The London-based company said it plans to reduce emissions of CO2 gases by 3.5 million tonnes by 2025 through higher production of gas, the least polluting fossil fuel, reducing leakage of methane, a potent greenhouse gas, and limiting flaring of excess gas.
BP also plans to invest up to $500 million per year on renewable energies such as solar, wind and power storage.
As a result, BP said it plans to keep net emissions from its operations stable between 2015 and 2025. The company uses its 2015 emissions of 51.2 million tonnes of CO2 as a baseline.
“We now know that a race to renewables will not be enough. To deliver significantly lower emissions every type of energy needs to be cleaner and better,” Bob Dudley, BP’s CEO, said in a statement.
Dudley has led calls for the energy sector to play a leading role in the transition towards low-carbon energy following a landmark 2015 Paris agreement to limit global warming by the end of the century.

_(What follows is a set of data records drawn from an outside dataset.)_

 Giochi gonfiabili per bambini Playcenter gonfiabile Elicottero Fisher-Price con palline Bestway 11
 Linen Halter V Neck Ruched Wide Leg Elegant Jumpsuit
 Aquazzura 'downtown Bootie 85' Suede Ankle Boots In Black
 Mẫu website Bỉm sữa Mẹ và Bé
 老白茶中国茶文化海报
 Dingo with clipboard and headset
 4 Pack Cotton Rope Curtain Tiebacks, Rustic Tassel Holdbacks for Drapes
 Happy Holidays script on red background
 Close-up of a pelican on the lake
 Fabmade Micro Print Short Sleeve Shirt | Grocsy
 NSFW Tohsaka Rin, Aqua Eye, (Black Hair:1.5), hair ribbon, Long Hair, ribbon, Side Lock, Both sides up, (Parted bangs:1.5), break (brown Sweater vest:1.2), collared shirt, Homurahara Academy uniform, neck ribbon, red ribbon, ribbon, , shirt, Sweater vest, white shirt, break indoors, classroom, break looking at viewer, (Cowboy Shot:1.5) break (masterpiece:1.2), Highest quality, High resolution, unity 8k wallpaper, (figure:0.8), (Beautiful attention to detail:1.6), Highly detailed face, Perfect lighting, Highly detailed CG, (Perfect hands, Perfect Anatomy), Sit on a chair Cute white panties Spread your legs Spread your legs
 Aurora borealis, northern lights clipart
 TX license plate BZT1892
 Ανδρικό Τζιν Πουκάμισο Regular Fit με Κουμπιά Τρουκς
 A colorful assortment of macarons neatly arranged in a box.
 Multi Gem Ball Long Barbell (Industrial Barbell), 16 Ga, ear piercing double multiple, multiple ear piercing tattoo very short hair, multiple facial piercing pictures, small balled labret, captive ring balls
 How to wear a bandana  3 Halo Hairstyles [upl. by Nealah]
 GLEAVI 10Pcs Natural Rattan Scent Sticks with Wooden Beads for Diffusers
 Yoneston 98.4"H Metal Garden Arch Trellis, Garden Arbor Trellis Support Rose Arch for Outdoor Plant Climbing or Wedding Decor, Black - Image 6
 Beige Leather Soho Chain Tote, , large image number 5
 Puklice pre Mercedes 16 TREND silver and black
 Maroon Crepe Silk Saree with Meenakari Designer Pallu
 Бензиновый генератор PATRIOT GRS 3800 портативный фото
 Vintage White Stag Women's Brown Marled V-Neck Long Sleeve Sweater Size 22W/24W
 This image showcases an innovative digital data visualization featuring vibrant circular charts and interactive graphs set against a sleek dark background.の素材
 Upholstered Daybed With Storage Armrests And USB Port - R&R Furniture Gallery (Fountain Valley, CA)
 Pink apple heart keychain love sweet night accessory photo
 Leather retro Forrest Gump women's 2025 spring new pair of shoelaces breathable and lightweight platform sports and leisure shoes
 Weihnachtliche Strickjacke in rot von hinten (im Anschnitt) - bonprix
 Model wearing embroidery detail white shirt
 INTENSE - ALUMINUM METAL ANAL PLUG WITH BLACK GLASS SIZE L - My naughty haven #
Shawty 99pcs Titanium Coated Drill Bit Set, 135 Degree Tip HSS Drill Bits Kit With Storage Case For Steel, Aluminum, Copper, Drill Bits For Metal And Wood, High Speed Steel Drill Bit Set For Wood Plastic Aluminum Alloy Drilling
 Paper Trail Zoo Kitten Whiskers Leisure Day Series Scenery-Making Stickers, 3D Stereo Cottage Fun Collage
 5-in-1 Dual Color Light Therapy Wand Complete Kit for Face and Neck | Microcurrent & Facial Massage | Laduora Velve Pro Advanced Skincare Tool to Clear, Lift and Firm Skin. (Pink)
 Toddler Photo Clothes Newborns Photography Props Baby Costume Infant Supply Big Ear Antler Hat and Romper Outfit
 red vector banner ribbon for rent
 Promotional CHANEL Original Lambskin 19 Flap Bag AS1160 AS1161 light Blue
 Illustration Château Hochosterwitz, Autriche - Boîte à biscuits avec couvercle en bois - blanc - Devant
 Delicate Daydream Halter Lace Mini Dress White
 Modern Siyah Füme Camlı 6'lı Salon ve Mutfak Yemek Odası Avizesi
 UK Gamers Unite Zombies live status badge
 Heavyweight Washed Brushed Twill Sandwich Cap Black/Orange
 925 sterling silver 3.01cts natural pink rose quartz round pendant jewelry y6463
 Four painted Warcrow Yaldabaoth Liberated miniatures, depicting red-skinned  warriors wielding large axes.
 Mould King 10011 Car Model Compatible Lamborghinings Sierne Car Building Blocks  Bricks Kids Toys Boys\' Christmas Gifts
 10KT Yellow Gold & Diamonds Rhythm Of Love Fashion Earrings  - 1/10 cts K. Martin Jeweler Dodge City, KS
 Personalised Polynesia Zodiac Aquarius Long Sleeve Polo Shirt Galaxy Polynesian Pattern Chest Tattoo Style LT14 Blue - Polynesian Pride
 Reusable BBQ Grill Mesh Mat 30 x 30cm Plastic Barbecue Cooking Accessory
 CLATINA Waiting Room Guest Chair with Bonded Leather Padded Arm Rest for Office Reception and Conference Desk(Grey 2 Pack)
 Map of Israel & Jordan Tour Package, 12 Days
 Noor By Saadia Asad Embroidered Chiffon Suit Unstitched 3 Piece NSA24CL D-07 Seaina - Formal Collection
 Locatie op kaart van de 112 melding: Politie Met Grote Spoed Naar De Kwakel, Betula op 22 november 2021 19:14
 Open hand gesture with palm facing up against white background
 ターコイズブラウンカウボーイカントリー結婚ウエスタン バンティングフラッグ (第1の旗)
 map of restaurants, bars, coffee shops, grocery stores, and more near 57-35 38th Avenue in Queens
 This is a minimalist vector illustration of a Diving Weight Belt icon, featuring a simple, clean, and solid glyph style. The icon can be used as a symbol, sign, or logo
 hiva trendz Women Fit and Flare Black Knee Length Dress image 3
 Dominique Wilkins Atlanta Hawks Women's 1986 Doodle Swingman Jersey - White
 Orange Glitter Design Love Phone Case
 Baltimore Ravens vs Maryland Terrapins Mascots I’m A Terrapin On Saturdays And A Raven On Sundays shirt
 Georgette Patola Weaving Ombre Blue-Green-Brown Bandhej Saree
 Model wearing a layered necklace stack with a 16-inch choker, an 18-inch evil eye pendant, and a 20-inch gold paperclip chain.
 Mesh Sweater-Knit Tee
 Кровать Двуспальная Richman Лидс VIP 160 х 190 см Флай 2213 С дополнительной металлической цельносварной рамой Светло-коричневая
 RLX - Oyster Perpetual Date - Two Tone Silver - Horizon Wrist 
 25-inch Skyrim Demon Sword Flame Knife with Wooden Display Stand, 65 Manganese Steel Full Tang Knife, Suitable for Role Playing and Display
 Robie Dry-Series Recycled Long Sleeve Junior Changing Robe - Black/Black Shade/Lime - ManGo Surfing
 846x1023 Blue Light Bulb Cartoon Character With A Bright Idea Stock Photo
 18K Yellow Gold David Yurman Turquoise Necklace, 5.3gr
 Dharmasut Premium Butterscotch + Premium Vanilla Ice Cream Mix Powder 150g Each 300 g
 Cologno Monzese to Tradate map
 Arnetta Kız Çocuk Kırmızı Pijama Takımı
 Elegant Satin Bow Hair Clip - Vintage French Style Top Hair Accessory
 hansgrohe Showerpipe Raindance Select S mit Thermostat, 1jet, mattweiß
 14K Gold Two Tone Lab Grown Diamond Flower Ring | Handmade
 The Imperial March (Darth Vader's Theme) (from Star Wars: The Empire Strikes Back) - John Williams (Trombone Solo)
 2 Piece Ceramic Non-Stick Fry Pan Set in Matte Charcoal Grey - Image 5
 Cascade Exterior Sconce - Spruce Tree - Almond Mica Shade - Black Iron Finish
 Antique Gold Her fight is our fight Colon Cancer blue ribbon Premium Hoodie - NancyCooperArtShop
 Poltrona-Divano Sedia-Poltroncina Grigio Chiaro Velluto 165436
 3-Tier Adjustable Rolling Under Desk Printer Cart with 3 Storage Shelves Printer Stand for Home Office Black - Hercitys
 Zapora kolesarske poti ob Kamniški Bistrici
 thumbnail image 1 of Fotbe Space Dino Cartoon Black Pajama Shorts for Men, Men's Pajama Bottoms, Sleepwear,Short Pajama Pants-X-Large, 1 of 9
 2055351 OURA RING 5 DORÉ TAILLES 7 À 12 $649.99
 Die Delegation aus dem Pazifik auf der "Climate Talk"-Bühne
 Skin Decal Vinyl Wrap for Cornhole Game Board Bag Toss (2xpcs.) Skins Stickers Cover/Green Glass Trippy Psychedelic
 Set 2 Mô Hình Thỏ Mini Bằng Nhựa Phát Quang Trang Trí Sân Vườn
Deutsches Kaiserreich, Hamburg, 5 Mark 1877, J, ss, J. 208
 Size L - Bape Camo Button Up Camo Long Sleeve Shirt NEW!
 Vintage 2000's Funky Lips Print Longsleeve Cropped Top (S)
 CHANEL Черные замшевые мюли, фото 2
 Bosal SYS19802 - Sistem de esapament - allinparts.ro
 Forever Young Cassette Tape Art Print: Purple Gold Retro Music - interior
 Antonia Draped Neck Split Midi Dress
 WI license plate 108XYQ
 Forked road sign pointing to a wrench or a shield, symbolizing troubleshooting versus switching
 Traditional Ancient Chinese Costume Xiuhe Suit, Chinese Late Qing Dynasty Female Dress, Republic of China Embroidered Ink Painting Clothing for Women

He nevertheless said that expected growth in demand for energy means oil and gas companies such as BP will have to invest in new production while slowly growing a low carbon business.
BP’s near-term targets contrast with ambitions that rival Royal Dutch Shell (NYSE: RDS.A) outlined last November to halve emissions from its operations as well as from fuel it sells by 2050, known as scope 3 emissions.
BP’s reduction targets do not include scope 3.
The company planned to grow its production by 900,000 barrels per day of oil and gas between 2015 and 2021. Its production was around 3.6 million barrels per day in 2017.